Walter Shapiro: The Man Who Ended Our Nixon Nightmare

Walter Shapiro observed the Ford administration from the vantage point of working for the Carter campaign. He found that Ford was often ineffective as President, but also acknowledges that the 1970’s were a difficult time for any American President (including Jimmy Carter), and that Ford was the right person to become President following Watergate:

With three decades of hindsight, however, it is hard to see how Ford could have been a successful president, even without the pardon. Ford, whose Midwestern conservatism was built around balanced budgets and Chamber of Commerce verities, was a transitional figure in the history of the Republican Party, destined to be swept aside by the ideological certainties of the Reagan right. Nothing better symbolized Ford’s fecklessness than his selection of Republican liberal hawk Nelson Rockefeller as his vice president, only to publicly dump Rocky from the 1976 GOP ticket when he was challenged by Reagan. Still, Ford’s most enduring gift to liberals was his appointment of still-serving Justice John Paul Stevens to the Supreme Court in 1975.

In fairness to Ford (and Carter), the 1970s would have been a miserable decade for any occupant of the Oval Office. As president, Ford had to endure the most humiliating defeat in modern American history — the 1975 fall of Saigon, complete with the desperate helicopter evacuation from the American Embassy. The Soviet Union was still seen as a formidable military adversary, not the fast-deteriorating nuclear power of the late 1980s. Inflation was spiraling out of control, and Ford’s WIN buttons (the initials stood for “Whip Inflation Now”) were a poor excuse for a coherent economic policy.
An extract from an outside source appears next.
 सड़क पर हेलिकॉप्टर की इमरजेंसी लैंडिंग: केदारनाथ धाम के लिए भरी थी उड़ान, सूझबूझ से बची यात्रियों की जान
Modesty is not a characteristic of great leaders. It is hard to imagine another future president saying anything analogous to this self-summation when he succeeded Agnew, “I am a Ford, not a Lincoln.” But Ford, for all his limitations, was the right person to step into the presidency in 1974 after the most wrenching constitutional crisis in more than a century. Ford’s blaze of glory may have been fleeting, but its brightness more than counterbalanced its brevity. Not a bad career capstone for a man who in 1973 seemed poised to join the roster of nearly forgotten congressional leaders who never wielded real power.